Where is home: Mavis Ngallametta at Queensland Art Gallery
/One of the most important questions an Australian can ask is: ‘Whose country am I in?’ For the late Aurukun artist and Putch clan elder Mavis Ngallametta (1944–2019), this question was central to her immense and intricate canvases as she painted her Country, and her adopted son’s Country in western Cape York, alongside people and moments of significance to her personal life. ‘Show Me the Way to Go Home’ at the Queensland Art Gallery in Brisbane surveys her relatively short but important career (she began painting in 2008), offering unique expressions of place from one of the state’s most remote and beautiful regions.

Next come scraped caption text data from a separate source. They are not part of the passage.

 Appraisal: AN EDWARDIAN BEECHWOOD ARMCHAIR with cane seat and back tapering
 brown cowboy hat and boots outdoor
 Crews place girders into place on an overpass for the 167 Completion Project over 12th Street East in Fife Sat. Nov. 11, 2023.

As the adoptive mother to a Wik man, Ngallametta had opportunities to access the dramatic red and white cliffs of Ikalath in north-east Aurukun, an important site for the Wik people and a source for the white ochre in her paintings. Ikalath #10 (2012) features the colourful rock faces abutting the water’s edge. It recalls a specific memory of a time when the artist and her son brought family and friends to collect clay at the bottom of the cliff shown towering above them in Ngallametta’s painting, standing by their small boat pulled to shore.
In his catalogue essay, lead curator Bruce Johnson McLean describes Ngallametta’s approach to landscape as a distinct view, ‘as if looking out from a coast-hugging, low-flying aircraft’ combined with ‘varying degrees of abstraction ... to unify macro and micro worlds’. Her works are also distinguished by her often-used bright blue acrylic undercoat, the inspiration for McLean’s choice of wall colours and catalogue design.

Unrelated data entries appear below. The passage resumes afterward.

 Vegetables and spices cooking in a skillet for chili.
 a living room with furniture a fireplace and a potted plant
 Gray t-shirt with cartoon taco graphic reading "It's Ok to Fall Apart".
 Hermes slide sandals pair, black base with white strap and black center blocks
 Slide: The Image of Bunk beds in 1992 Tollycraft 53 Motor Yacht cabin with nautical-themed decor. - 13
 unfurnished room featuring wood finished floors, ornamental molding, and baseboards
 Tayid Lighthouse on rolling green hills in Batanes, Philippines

Bush Fire at Kutchendoopen (2014) is another grand, nearly three-metre-tall canvas in powerful charcoals and red and orange ochres, picturing the landscape during and after cultural burning practices carried out by Ngallametta’s family. The work, primed with her signature blue, simultaneously pictures the devastation of fires as well as the flourish of flora and fauna that follows. This greenery takes centre stage in her striking wet-season landscape End Swamp #2 (2017), in which the blue priming layer becomes a body of water covered in a network of soft pink, white and yellow flowers.

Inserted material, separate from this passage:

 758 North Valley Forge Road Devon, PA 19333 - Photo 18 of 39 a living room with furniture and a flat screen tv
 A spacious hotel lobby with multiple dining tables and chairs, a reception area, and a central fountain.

The title of the exhibition, lifted from the classic 1925 British song (with words and music by Irving King and Hal Swain), is also a nod to Ngallametta’s place between Indigenous and non-Indigenous cultures. Multilingual artist statements on the wall labels, provided in English, Kugu Uwanh and Wik-Mungkan, elevate a direct dialogue with her kin and community members. In ‘Show Me the Way to Go Home’, Ngallametta’s singular perspective, both biographical and monumental, offers an opportunity for all audiences to take stock of the country in which we find ourselves.
Emily Wakeling, Brisbane
‘Mavis Ngallametta: Show Me the Way to Go Home’ brings major works from the late artist’s Ikalath, Kendall River, Pamp/Swamp, Wutan, Yalgamunken, intertidal estuary and bushfire series together for the first time at Queensland Art Gallery, Brisbane, until 7 February 2021.